(YOUR TASK)
Your task is to print all of the data below exactly, with no pictures included.

++++++++++++++++++++

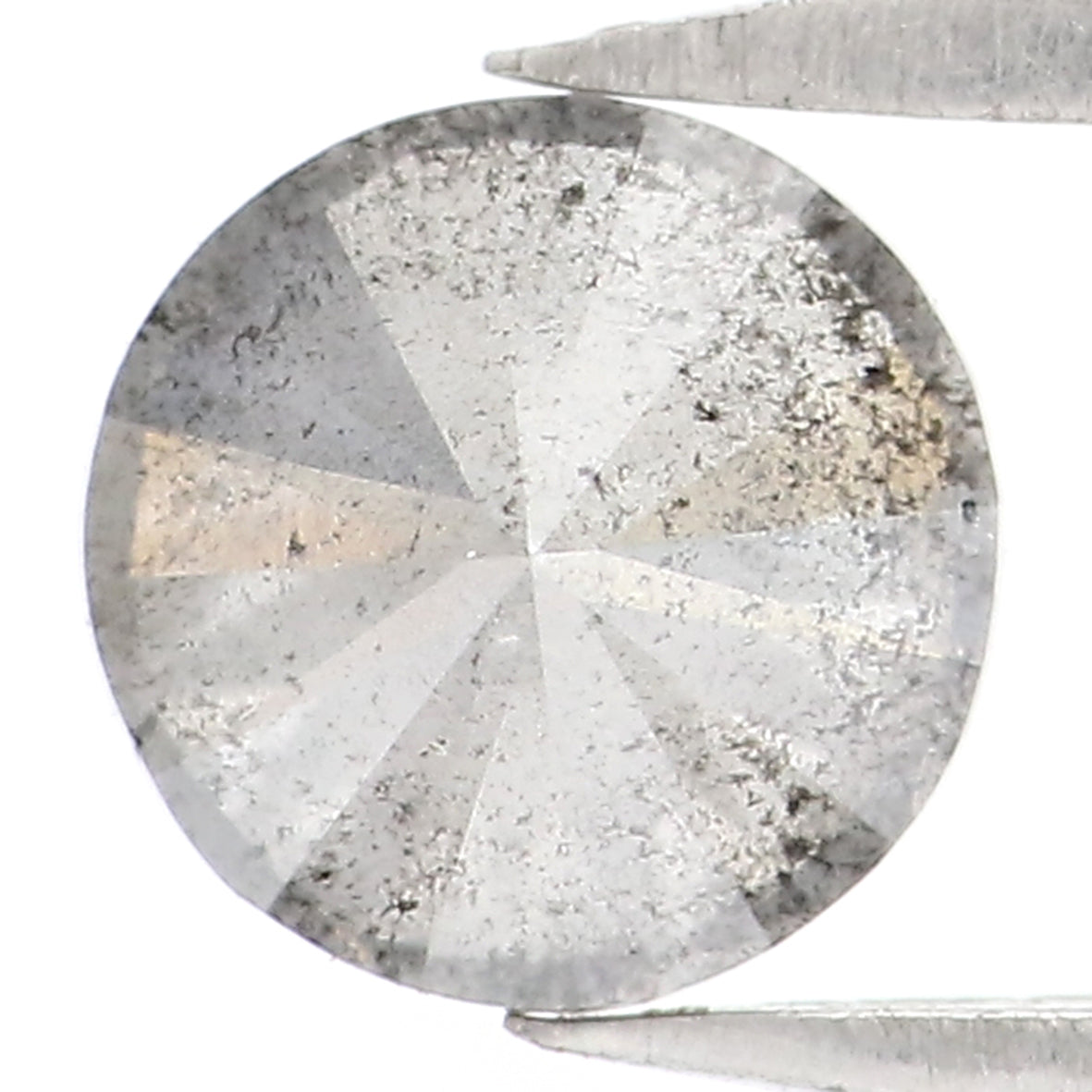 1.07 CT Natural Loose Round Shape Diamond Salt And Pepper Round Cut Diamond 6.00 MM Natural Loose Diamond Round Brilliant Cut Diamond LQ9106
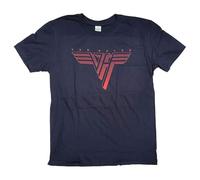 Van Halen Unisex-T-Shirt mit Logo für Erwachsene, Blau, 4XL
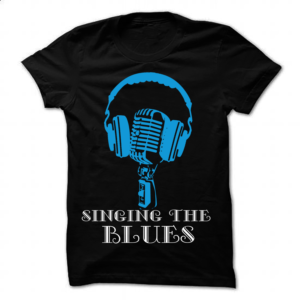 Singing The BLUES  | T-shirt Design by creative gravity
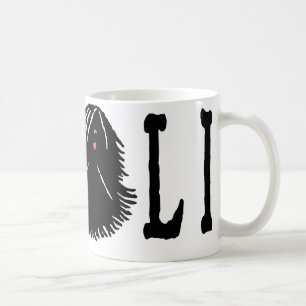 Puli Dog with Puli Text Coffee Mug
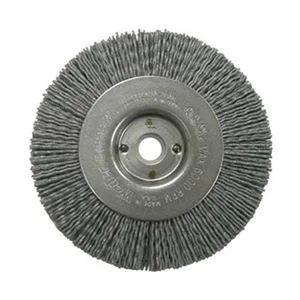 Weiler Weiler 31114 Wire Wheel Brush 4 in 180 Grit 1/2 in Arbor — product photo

++++++++++++++++++++

(TASK ANSWER)
 1.07 CT Natural Loose Round Shape Diamond Salt And Pepper Round Cut Diamond 6.00 MM Natural Loose Diamond Round Brilliant Cut Diamond LQ9106
 Van Halen Unisex-T-Shirt mit Logo für Erwachsene, Blau, 4XL
 Singing The BLUES  | T-shirt Design by creative gravity
 Puli Dog with Puli Text Coffee Mug
 Weiler Weiler 31114 Wire Wheel Brush 4 in 180 Grit 1/2 in Arbor — product photo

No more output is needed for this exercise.